②・桜子(菊池葉月):中学生の息子をもち、姑と 同居する専業主婦。穏やかでどちらかというとおとなしい性格。純とは中学の時からの友だち(他の2人は30代から)。セックスレス。あるバチイチ男から好かれる。
・桜子の夫、井場良彦(申芳夫):役所勤務。家庭を妻に任せっきりの仕事人間。
・息子、大紀(川村知):中学3年生。同級生の彼女を妊娠させ親に中絶費用を求める。
・夫の母みつ(福永祥子)

③・芙美(三原麻衣子):アートセンターに勤める学芸員。夫が若い女性小説家に気があると気づき、距離間を感じる。
・夫、塚本拓也(三浦博之):編集者。妻と会話ができているつもりだが、本当の会話になっていないのことに気づかない。
・野瀬こずえ(椎橋怜奈):拓也が編集担当をしている25歳の小説家。
・河野(伊藤勇一郎):芙美の同僚。「朗読会」に鵜飼を呼んだ学芸員。

④・純(川村りら):夫が離婚に同意しないため訴訟を起こす。4人で旅行後に夫から逃れるため失踪。
・夫、公平(謝花喜天):生命物理学者。自分への愛情を失った妻との離婚に応じない"精神的ストーカー"男。
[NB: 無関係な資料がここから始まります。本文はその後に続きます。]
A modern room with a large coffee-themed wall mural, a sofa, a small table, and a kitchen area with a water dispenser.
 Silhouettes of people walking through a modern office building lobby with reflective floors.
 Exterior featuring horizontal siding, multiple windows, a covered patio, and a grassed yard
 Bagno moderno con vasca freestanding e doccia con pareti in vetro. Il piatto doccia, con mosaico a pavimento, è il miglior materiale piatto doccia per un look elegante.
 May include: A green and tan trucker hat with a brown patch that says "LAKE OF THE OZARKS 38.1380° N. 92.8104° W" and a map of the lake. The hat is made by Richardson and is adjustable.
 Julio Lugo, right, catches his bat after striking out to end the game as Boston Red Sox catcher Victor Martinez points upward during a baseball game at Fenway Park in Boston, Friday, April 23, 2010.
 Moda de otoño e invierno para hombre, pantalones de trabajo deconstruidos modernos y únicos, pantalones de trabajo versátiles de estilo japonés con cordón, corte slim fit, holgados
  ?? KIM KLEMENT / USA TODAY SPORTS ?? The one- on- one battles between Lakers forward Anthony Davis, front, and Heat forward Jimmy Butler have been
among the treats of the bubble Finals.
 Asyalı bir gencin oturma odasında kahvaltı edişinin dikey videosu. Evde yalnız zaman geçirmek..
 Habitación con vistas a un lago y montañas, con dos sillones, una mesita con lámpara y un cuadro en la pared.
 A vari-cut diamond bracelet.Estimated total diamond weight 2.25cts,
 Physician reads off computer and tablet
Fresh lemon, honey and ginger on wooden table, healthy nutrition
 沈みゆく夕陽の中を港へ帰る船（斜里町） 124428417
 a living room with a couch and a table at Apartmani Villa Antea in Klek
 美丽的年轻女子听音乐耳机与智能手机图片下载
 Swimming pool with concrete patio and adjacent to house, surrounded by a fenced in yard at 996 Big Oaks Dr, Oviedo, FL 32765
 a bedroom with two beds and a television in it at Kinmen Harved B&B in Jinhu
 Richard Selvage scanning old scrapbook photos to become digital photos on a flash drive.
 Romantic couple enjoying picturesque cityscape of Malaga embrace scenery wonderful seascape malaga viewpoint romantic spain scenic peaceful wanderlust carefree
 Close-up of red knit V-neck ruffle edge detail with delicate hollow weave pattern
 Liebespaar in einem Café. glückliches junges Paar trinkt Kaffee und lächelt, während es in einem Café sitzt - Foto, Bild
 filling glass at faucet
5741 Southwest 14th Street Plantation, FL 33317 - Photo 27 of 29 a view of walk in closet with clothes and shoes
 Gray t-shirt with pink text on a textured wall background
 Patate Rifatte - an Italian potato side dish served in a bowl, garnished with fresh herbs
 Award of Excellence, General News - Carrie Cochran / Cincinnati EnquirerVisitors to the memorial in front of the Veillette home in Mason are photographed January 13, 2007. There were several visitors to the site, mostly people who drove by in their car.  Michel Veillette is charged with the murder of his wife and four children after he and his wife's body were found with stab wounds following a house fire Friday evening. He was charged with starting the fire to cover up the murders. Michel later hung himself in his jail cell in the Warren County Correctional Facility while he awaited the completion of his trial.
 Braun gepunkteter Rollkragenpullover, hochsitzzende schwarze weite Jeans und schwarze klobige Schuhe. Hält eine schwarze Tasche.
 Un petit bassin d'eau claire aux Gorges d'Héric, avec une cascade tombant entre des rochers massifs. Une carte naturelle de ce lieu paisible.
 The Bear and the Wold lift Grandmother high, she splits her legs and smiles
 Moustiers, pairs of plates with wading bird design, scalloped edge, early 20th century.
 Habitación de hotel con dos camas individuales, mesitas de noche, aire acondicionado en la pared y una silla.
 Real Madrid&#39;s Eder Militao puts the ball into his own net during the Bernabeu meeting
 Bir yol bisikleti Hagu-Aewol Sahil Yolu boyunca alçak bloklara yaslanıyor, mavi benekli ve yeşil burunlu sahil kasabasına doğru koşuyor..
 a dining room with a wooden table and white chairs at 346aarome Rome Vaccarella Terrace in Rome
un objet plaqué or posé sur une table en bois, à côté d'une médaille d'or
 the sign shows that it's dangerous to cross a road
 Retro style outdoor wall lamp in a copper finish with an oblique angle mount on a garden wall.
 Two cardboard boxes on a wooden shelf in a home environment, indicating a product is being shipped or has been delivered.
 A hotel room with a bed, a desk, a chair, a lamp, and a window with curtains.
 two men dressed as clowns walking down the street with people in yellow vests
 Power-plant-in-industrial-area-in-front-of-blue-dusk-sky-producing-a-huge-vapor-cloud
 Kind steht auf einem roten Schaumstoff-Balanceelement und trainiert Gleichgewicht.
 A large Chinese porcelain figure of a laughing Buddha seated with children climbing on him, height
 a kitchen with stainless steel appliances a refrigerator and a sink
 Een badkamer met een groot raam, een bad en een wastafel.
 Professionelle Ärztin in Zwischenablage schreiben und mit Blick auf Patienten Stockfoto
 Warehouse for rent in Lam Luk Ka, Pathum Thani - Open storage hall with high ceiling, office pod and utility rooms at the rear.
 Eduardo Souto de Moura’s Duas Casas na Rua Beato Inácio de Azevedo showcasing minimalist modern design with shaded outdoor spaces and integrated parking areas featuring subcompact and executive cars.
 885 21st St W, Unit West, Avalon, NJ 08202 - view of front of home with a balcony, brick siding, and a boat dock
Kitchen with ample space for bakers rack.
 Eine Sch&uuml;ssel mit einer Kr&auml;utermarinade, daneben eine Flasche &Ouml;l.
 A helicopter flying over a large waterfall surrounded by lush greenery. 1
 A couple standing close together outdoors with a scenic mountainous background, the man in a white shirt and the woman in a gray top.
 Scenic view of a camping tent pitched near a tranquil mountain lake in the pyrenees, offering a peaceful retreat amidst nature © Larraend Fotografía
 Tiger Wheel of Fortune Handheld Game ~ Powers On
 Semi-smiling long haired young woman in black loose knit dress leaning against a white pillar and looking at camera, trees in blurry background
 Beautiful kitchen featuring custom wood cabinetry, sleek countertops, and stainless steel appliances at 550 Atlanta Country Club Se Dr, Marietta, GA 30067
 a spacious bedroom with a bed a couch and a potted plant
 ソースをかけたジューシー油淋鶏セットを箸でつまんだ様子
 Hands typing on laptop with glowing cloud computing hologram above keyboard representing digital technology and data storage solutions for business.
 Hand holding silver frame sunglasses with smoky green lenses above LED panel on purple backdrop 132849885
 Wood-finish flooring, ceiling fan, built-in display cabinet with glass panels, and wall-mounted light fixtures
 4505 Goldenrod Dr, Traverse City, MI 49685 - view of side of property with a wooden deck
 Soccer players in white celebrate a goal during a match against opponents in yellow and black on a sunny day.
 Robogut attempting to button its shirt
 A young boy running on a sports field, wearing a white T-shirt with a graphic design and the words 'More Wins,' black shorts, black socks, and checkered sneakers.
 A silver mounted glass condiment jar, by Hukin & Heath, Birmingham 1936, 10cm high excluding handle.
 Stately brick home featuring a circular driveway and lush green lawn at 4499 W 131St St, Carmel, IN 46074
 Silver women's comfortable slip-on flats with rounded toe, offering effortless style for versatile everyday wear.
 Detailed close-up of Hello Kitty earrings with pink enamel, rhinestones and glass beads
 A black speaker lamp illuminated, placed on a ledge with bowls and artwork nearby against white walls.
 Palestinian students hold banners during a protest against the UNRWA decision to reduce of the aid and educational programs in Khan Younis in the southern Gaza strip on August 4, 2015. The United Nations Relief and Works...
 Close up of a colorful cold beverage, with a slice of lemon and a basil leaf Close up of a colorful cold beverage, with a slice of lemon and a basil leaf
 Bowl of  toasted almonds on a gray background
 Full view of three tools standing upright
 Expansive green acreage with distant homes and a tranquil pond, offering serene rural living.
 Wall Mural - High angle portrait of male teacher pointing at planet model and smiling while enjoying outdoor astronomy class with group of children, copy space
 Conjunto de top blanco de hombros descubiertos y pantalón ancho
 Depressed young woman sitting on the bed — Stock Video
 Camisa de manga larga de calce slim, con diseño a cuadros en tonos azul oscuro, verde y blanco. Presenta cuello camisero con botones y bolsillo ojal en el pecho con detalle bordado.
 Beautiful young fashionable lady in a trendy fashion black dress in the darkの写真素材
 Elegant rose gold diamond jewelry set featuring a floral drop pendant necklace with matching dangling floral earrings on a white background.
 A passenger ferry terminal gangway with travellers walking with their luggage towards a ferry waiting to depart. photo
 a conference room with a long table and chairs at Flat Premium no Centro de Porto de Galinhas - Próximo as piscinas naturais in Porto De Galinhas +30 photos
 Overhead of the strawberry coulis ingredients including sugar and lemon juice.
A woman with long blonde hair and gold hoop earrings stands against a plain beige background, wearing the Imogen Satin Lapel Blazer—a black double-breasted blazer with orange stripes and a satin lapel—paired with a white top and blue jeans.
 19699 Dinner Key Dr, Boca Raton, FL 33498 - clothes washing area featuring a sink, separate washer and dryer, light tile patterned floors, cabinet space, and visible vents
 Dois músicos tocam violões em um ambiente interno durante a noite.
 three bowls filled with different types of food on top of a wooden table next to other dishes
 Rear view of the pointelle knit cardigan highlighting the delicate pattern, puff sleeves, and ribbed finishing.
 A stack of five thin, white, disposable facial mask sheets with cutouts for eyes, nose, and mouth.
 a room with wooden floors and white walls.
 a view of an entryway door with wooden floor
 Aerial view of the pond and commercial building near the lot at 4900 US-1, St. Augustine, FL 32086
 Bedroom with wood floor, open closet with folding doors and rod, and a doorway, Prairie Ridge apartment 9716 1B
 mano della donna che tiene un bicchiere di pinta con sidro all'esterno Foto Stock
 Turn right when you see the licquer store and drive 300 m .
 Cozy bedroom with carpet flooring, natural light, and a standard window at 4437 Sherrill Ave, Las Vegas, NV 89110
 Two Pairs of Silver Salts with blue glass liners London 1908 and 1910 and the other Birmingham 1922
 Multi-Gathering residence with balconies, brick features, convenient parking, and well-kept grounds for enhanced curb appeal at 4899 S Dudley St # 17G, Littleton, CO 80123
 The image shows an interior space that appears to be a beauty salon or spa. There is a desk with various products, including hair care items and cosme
「朗読会」では活躍。
・滝野葉子(殿井歩):有馬で4人揃っての写真を撮ってくれた女性。偶然乗り合わせたバスで純と会話するが、突然バスから降りてしまう。

~ワークショップ(セミナー)「重心って何だ?」の関係者~
・鵜飼(柴田修兵):主催者。女と見れば漁ってしまう"心が空洞"の男。
・鵜飼の妹、日向子(出村弘美):参加者。バーを営む若い女性。見ず知らずの人と性交渉することに抵抗感を余り感じない。
・風間(坂庄基):参加者。バツイチの男性。桜子にひかれる。
・よしえ(久貝亜美):参加者。

「私は、夫に殺されたのです」

「そんな勝手な好きってありますか」

「私も同じ。こうしかでけへん」

女性たちの心理を巧みに掬い取ったとても見応えのある作品。
ファースシーンから引き込まれ、長さを全く感じさせない。
監督を含む3人による脚本は、つじつまの合わない唐突なところもあるが、会話劇としてなかなかよくできている。
濱口監督は、ジョン・カサヴェテス監督の「ハズバンズ(Husbands)」を本作の物語の原型としたようだが、ちょっとエリック・ロメールや小津安二郎の香りもしますね。
棒読みのような話し方、ぎこちない演技(訳の分からないイカサマっぽい"ワークショップ"の内容と参加者の感想)に初めは少し戸惑いを覚えるかもしれないが、すぐに慣れてくる。
出演者も次第に演技の固さが取れてくる。プロの役者だとダメ出しされると思われるシーンも見受けられるが、所々で役柄に入り込んだ極自然な素晴らしい感情表現を見せる。
メジャー作品を中心に作り込みすぎるオーバーワークな俳優が多い中、4人のヒロイン(ヒロイン以外も)の"シロート"演技は逆に新鮮な感じがするのではないか。
阿部海太郎の穏やかな音楽も、ヒロインたちの心を反映して映画を彩る。
(蛇足)
それにしても、ヒロインたち4人はみんな魅力的なのに、登場する男たちはどうしようもないですね。彼女たちは、そもそもこんな男たちとなぜ結婚したのか(こんな男たちをなぜ選んだのか)、初めから結婚(相手の選択)は間違いだったのではないかとも思ってしまう(映画の本筋から離れてしまった…)。